Catnip (Nepata cataria) is a perennial herb with fuzzy stems and heart-shaped, fuzzy leaves. From July to September, the catnip plant will produce pale lavender, tube-shaped blooms with purple speckles. If you want to make your favorite kitty happy, a catnip plant in the herb garden is a great way to begin. Although catnip is often planted for kitties, the herb is beneficial for humans too and is often brewed into tea.
Prepare the soil in a sunny spot in your garden. Use a hoe or spade to work the soil to a depth of 6 to 8 inches. Be sure to choose a well-drained spot, as catnip will rot in soggy soil. If you have a cat, plant the catnip in the back of the garden or in a hidden corner. Cats enjoy rolling in catnip, which can give the plant a messy appearance.
Plant catnip seeds directly in the garden. Make a shallow trench with the corner of a hoe. Plant the seeds about 4 to 6 inches apart in the trench and cover them with a light dusting of soil.
Water the area carefully immediately after planting, using a hose with a fine spray attachment. Keep the soil damp until the seeds germinate. After that time, water the catnip deeply, saturating the soil to a depth of about 8 inches. Allow the soil to dry out before watering again.
Thin the catnip when the seedlings are about 5 inches tall. Leave the healthiest seedlings in place, and allow 12 to 18 inches between each plant.

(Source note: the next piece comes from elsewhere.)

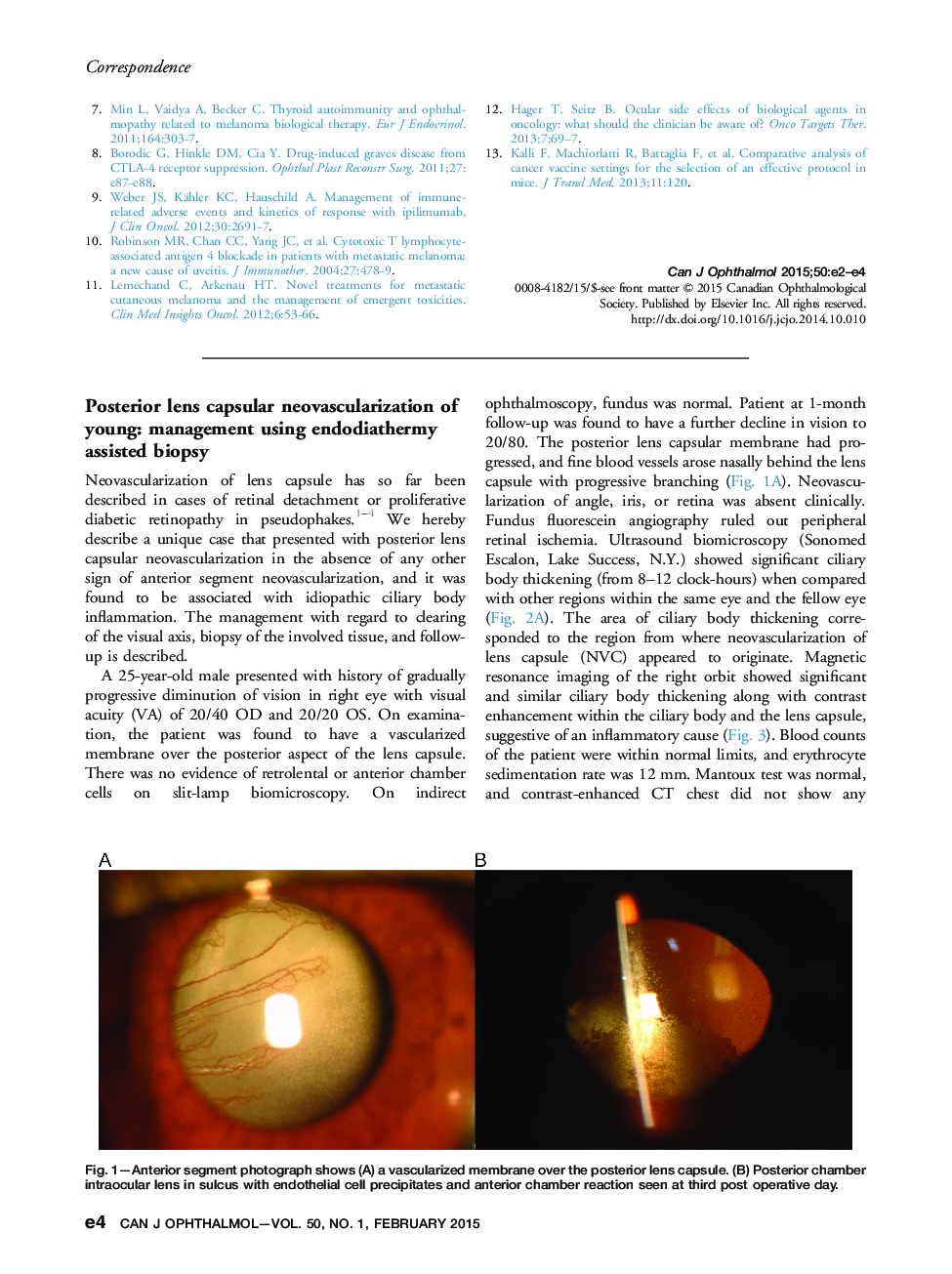Posterior lens capsular neovascularization of young: management using endodiathermy assisted biopsy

Use the catnip as needed, as trimming will promote continued growth. Cut the catnip plants down to the ground after the first bloom, and the plant will regrow and will soon bloom again. Catnip plants should be cut down in early spring to remove old growth from the previous year.
Spread 2 to 3 inches of mulch, such as straw or shredded bark, around the plants before the first freeze. Although catnip is cold-tolerant and is hardy as low as USDA Plant Hardiness Zone 3, mulch will protect the roots from damage caused by freezing and thawing.